Have you ever had a vague memory, which triggered a physical reaction in your body? An example I experienced is when I met a man who wore an aftershave like the one a college boyfriend had. Before I could identify the boyfriend or the smell’s association, I had a flutter in my heart. It momentarily brought me back to the carefree time I spent as a college student. This is what we call an implicit memory. It is a memory that is held in the body, not just the brain.
Implicit memories can be of negative events, like a parent’s tone of voice or facial expression in reprimand. They can also be of positive events, like a soothing memory, such as a mother’s touch or hug. With a talented and sensitive therapist, these implicit memories can be enormously beneficial in therapy.
When exploring the mind in therapy, brain cells fire. When brain cells fire, neurons also activate in the body. The nervous system releases sensations throughout such as a lump in the throat or a lightness in the chest. Those sensations, while occurring concurrently with other information, are often ignored. The armature of the nervous system processes information in feedback loops classifying data into two types of memory — explicit memory and implicit memory.
Explicit memory refers to memories organized with sequential coding to facilitate their conscious retrieval. Implicit memory is retained through ‘clues’ of bodily sensations, not consciously organized. The act of recalling sensations creates new information and encodes the memory in a more explicit format.
In implicit memory, details of events remain fuzzy. However, paying attention to those sensations opens the door to revealing valuable “puzzle” pieces. Implicit memories often have high emotional content associated with them. When associated with high levels of arousal, a trained therapist will utilize tools to calm the arousal system. Gently and methodically exploring the information — while utilizing calming skills with a trusted human — allows us to build stepping stones to new memories.

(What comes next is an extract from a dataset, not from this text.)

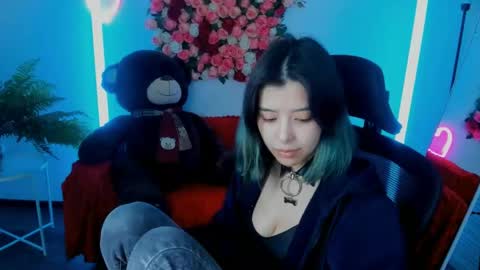 Snapshot of sirenmystique chatting on June 2026 07:20:01 PM Si online show from June 2026 07:20:01 PM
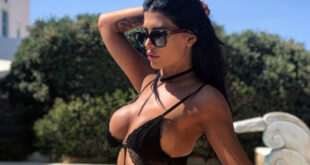 Η σέξι Ελληνίδα σχεδιάστρια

Deep healing occurs when harnessing awareness of the body in the process of soothing emotional and mental pain. Mental well-being unfolds when with awareness, we invite information to be “digested” with gentleness. Awareness is a uniquely human capacity. Awareness coupled with soothing skills forges new pathways, somatically and emotionally thereby opening the door to new choices. This awareness creates new memories and tools that the client can utilize outside of therapy.
Awareness of the body, the heart, and the mind brings about psychological growth.